The spears were used in aid of the dogs. When an otter is wounded, he makes directly to land, where he maintains an obstinate defence:—
"Lo! to yon sedgy bank
He creeps disconsolate; his numerous foes
Surround him, hounds and men. Pierc'd through and through,
On pointed spears they lift him high in air;
Bid the loud horns, in gaily warbling strains,
Proclaim the spoiler's fate: he dies, he dies."
The male otter never makes any complaint when seized by the dogs, or even when transfixed with a spear, but the females emit a very shrill squeal. In the year 1796, near Bridgenorth, on the river Wherfe, four otters were killed.

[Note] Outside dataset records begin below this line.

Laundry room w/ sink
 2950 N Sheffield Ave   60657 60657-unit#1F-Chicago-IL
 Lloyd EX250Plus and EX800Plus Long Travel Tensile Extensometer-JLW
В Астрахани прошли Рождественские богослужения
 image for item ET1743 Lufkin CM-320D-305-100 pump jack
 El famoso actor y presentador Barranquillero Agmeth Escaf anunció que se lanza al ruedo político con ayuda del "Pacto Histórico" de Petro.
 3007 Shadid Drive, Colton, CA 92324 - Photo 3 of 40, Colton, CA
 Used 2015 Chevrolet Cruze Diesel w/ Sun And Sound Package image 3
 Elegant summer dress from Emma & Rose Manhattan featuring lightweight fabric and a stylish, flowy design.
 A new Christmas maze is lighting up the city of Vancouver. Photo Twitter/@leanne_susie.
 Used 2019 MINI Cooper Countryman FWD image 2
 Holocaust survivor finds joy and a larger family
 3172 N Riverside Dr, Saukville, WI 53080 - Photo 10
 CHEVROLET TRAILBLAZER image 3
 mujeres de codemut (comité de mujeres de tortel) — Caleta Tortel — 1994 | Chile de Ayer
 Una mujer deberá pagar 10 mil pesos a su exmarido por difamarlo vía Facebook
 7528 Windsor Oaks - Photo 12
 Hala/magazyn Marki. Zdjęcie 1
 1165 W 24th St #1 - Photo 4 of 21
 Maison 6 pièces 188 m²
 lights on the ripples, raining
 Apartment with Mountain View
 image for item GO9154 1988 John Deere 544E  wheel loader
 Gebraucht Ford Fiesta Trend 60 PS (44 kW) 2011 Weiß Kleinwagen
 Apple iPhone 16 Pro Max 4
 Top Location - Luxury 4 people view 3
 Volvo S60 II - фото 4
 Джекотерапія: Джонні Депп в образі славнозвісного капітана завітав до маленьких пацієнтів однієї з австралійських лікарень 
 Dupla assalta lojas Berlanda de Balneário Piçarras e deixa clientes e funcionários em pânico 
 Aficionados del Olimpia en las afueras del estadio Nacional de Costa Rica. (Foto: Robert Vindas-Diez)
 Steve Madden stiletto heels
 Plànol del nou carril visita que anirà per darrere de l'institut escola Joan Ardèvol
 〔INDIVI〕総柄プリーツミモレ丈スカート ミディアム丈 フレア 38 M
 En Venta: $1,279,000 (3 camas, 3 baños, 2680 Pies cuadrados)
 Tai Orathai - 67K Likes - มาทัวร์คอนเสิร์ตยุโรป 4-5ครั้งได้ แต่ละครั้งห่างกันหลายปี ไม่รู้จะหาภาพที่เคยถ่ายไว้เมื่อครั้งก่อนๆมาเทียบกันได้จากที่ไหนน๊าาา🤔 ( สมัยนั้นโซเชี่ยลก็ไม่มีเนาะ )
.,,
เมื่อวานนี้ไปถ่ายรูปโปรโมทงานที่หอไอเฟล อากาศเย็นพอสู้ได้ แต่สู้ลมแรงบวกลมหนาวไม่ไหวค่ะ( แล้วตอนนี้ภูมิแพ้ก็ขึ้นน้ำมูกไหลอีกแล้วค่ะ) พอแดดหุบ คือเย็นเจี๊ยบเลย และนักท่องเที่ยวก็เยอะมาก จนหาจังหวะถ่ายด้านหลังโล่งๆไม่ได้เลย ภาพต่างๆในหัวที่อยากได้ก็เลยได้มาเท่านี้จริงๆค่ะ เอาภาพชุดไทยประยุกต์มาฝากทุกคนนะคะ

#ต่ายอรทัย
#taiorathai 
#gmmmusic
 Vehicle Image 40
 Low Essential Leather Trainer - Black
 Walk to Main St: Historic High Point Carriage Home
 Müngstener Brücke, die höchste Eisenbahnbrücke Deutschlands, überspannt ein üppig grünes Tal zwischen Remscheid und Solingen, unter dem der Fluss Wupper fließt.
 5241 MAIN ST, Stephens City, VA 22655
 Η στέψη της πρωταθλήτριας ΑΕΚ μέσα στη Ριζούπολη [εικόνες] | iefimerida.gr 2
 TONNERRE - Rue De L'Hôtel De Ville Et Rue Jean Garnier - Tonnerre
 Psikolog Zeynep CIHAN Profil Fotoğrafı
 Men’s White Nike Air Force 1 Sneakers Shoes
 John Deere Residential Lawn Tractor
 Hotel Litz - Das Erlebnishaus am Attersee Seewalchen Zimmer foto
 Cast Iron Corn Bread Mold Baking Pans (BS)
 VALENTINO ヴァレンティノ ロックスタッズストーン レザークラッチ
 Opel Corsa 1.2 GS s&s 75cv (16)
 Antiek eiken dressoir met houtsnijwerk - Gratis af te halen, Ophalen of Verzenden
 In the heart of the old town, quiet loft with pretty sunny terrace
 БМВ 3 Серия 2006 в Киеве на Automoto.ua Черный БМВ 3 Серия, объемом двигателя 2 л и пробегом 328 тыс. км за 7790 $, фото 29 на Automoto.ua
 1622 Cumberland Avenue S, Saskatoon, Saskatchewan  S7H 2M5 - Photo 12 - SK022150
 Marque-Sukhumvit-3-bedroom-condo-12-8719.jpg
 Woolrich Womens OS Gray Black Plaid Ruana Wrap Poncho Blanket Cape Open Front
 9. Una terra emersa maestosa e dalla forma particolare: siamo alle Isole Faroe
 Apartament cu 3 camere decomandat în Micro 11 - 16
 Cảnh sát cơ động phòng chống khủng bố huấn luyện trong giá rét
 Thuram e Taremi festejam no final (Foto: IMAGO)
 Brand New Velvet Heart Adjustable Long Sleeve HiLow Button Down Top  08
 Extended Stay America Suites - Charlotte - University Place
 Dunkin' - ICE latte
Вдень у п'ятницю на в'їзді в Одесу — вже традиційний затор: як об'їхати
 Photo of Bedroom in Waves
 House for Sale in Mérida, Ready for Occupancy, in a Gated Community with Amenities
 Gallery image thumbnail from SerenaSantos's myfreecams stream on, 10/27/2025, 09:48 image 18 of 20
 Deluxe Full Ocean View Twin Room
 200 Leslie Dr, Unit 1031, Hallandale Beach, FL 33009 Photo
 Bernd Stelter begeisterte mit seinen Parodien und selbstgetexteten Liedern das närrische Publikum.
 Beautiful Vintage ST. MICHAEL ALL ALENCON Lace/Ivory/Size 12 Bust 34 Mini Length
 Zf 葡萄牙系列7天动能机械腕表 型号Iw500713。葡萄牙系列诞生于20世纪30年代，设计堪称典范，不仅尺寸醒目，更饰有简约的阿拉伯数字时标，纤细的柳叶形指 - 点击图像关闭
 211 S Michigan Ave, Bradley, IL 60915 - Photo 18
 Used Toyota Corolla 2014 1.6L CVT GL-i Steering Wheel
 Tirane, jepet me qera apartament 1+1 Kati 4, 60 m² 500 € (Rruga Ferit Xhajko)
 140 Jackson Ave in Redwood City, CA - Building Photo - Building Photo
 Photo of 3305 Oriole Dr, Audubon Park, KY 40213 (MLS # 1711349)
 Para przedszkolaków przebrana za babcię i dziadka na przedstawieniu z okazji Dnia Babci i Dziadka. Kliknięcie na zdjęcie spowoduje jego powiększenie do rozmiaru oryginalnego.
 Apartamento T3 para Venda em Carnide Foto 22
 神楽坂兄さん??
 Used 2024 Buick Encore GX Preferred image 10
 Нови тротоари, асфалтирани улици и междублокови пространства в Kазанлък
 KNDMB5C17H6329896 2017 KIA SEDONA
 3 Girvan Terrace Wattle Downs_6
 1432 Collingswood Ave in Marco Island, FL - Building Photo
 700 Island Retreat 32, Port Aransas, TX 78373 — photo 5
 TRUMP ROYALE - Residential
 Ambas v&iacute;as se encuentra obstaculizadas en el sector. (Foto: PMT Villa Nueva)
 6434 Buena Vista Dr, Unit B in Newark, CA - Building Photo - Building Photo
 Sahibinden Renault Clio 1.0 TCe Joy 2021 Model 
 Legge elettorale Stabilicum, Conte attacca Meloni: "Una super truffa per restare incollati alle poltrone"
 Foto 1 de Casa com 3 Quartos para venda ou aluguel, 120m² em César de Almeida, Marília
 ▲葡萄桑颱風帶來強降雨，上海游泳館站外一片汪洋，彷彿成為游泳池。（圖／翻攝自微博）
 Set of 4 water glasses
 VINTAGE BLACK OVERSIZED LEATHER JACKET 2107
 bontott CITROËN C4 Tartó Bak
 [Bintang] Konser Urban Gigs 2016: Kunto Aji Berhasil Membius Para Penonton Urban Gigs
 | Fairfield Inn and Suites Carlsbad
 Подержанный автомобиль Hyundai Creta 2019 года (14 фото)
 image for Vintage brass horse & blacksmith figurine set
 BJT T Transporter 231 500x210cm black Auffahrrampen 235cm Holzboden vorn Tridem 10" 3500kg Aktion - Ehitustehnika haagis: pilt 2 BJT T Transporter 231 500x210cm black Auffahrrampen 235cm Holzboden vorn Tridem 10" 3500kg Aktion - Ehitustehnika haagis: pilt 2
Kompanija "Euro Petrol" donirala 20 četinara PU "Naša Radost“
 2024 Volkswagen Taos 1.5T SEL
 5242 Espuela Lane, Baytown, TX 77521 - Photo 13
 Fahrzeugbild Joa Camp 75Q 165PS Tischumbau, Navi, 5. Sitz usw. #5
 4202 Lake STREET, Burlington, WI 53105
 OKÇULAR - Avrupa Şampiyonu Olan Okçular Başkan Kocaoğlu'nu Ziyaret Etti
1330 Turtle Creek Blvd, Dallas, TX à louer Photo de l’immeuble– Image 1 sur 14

One stood three, another four hours before the dogs, and was scarcely a minute out of sight. In April 1804, the otter-hounds of Mr. Coleman, of Leominster, killed an otter of extraordinary size. It measured from the nose to the end of the tail, four feet ten inches, and weighed thirty-four and a half pounds. This animal was supposed to be eight years old, and to have destroyed for the last five years a ton of fish annually. The destruction of fish by this animal is, indeed, very great, for he will eat none unless it be perfectly fresh, and what he takes himself. By his mode of eating them he causes a still greater consumption, for so soon as an otter catches a fish he drags it on shore, devours it to the vent, and, unless pressed by extreme hunger, always leaves the remainder, and takes to the water in search of more. In rivers it is always observed to swim against the stream, in order to meet its prey.
Otters bite very severely, and they will seize upon a dog with the utmost ferocity, and will shake it as a terrier does a rat. The jaws of the otter are so constructed, that even when dead it is difficult to separate them, as they adhere with the utmost tenacity. Otters are frequently found on the banks of the Thames, and a large one was caught in an eel-basket, near Windsor, but the hunting of them is discontinued.